**Dataset content:**
------------
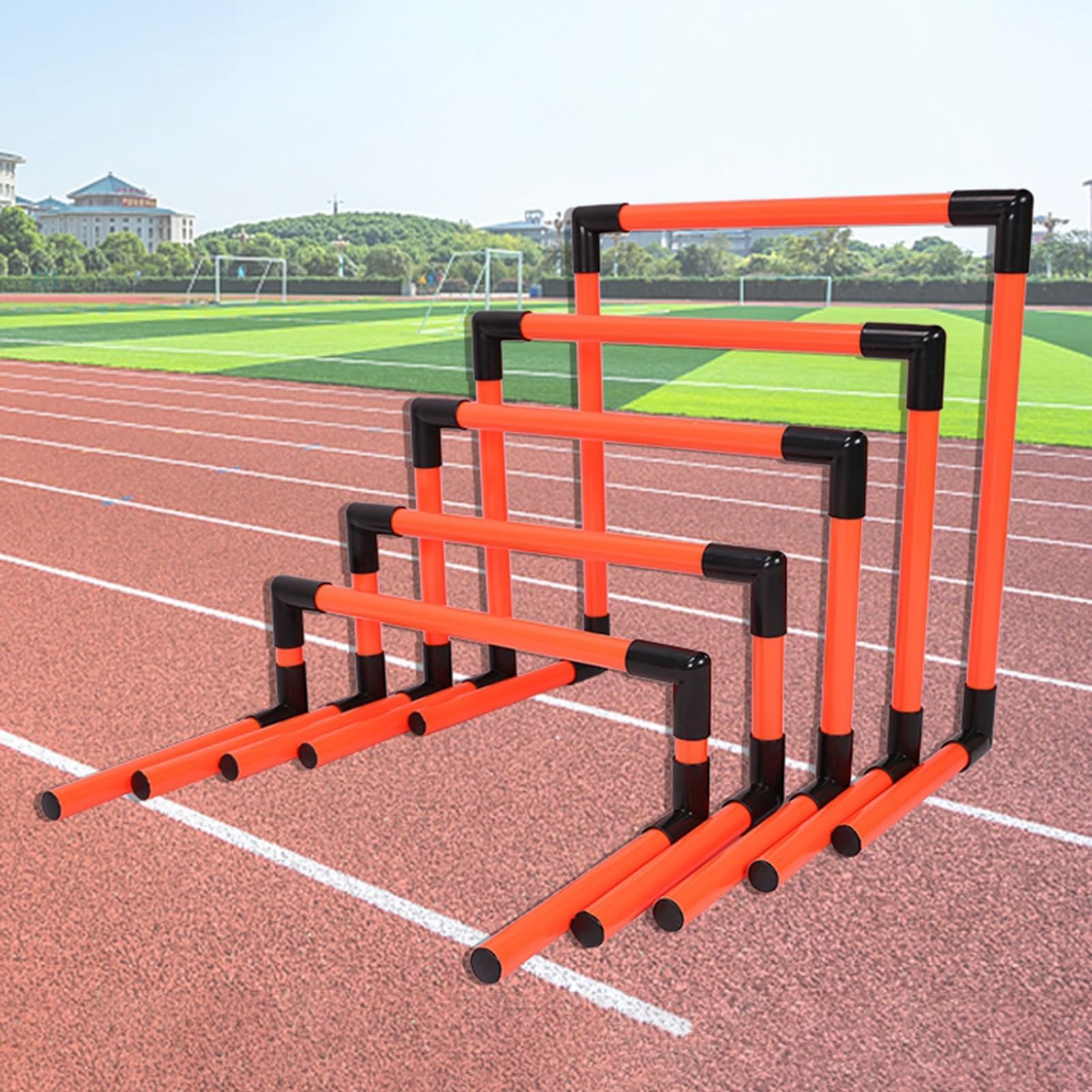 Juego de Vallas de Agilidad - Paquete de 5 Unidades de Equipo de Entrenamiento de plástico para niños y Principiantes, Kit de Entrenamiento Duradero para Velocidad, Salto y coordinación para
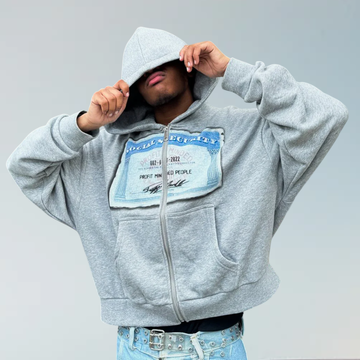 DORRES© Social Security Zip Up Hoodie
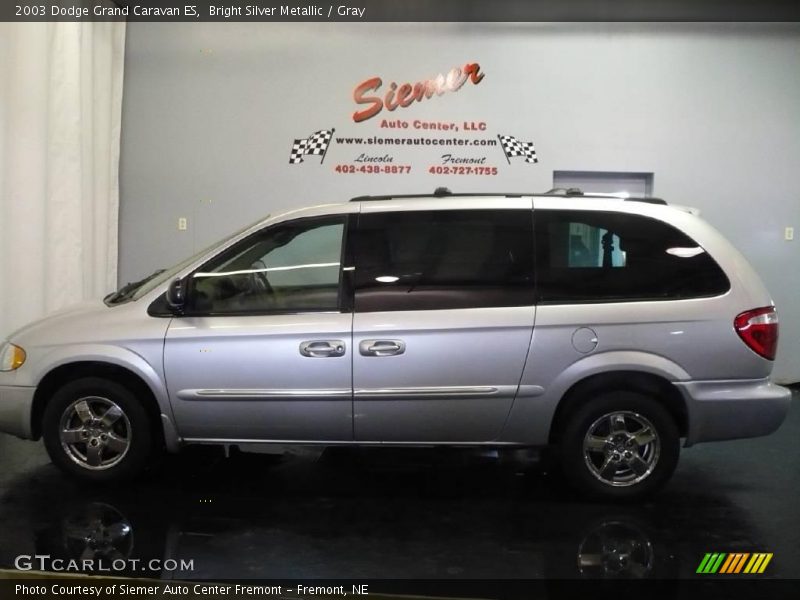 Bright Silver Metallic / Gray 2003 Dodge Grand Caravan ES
------------
**Exercise requirements:** Copy the listing above exactly, minus the pictures.

**Response to this task:**
 Juego de Vallas de Agilidad - Paquete de 5 Unidades de Equipo de Entrenamiento de plástico para niños y Principiantes, Kit de Entrenamiento Duradero para Velocidad, Salto y coordinación para
 DORRES© Social Security Zip Up Hoodie
 Bright Silver Metallic / Gray 2003 Dodge Grand Caravan ES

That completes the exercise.